What tells LVGL that a buffer has finished being written to a display is the call to flush_ready.

There is always a speed increase from using DMA and 2 buffers. what will make a large impact in performance when using DMA with the 2 buffers is the size of the buffer. To big a buffer and performance will decrease to small a buffer and performance will decrease. so if you have the buffer sizes set to be too large it could cause a performance drop that would make it run slower than if using a single buffer if the single buffer is a smaller size.

there is no “magic” number here on what to set the buffer size(s) to. You are going to have to play around with it until you find the “sweet spot” where you get the best performance from it. Too many variables come into play and it has to be done for each application.

I believe the general rule of thumb is anywhere between 1/8 and 1/4 of the total area of the display times the color depth. I could be wrong on that and maybe someone will want to chime in if they have information.

Tinus · May 9, 2023, 8:24am

You are correct, we have just switched to using a large 800x480 display and the performance is nothing at all like the 480x272 display we were using previously.

Methods that made the system run extremely smooth before now seem to be slower and one of the slower methods is now one of the fastest. Quite interesting.

Because of the large size of the display I really cannot excuse placing the (partial) display buffers in RAM anymore, hence I have to use SDRAM: I think this is now the limiting factor, see the graph below based on lv_benchmark results. This is with 2 display buffers and DMA. Of course it is still possible to place the partial display buffers in RAM, but this is quite a waste of precious memory: for instance the option with 10 horizontal pixels already takes up 32KB. (The orange line is with display buffers in RAM!)

In fact, at this point drawing directly to the frame buffers (stored in SDRAM) used for my screen with direct_mode and full_refresh on is actually not too bad performance-wise with an average FPS of 22.

This seems to be a case of diminishing returns. The (SD)RAM usage expands while the actual performance is bottlenecked by the use of SDRAM for storing frame buffers.

kdschlosser · May 9, 2023, 6:43pm

if using the SPIRAM for non “mission critical” portions of your code where speed is not the highest priority then I would suggest doing that.

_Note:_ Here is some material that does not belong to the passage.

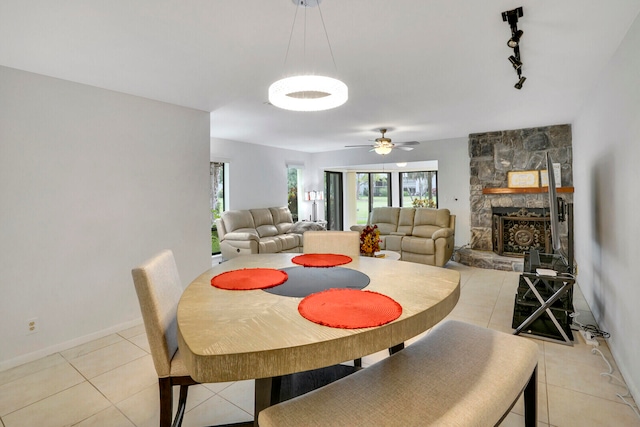 dining area featuring a wealth of natural light, a fireplace, light tile floors, and rail lighting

You should be able to set into partial mode and create 2 smaller frame buffers that will fit into the fast memory and use the SPIRAM for the rest of the code. Performance wise writing and reading small things from the SPIRAM isn’t that bad. you really notice it when you are dealing with large amounts of data that get moved at once. The other thing is that a lot of times the SPIRAM is on a shared bus with the flash so if you have anything that uses the flash like reading of PNG data this can slow down transfers to and from the SPIRAM as well.

Have you graphed what the speed is with a single frame buffer? It would be interesting to see what the speed difference would be there.

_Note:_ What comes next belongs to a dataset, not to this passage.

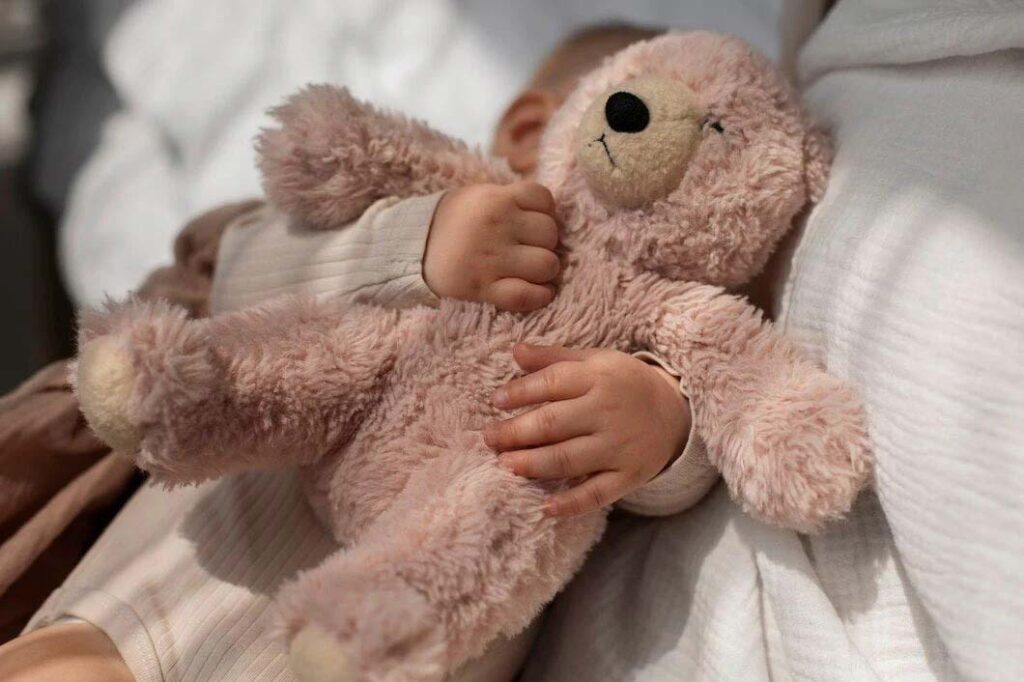 Close-up of a newborn baby gently holding a soft plush teddy bear while resting on bedding, highlighting emotional comfort, tactile softness, and infant-friendly plush toy design without implying unsupervised sleep use.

Tinus · May 10, 2023, 6:18am

Hello, I have graphed all of my “drawing methods” here:

It is obvious from these results that placing the display buffers in SDRAM is not really a viable option. The “half RAM” option is always faster, but again this comes at a cost of precious memory.

I thought it was quite interesting to see that a single DMA buffer is still quicker than my “simple method” which works in the exact same way but no DMA.

EDIT: changing the optimization to -O3 instead of -O2 nets a small performance increase. The 2x DMA (half RAM) solution now reaches 30fps with a total display buffers size of 32KB. Which is the refresh rate of the screen anyway.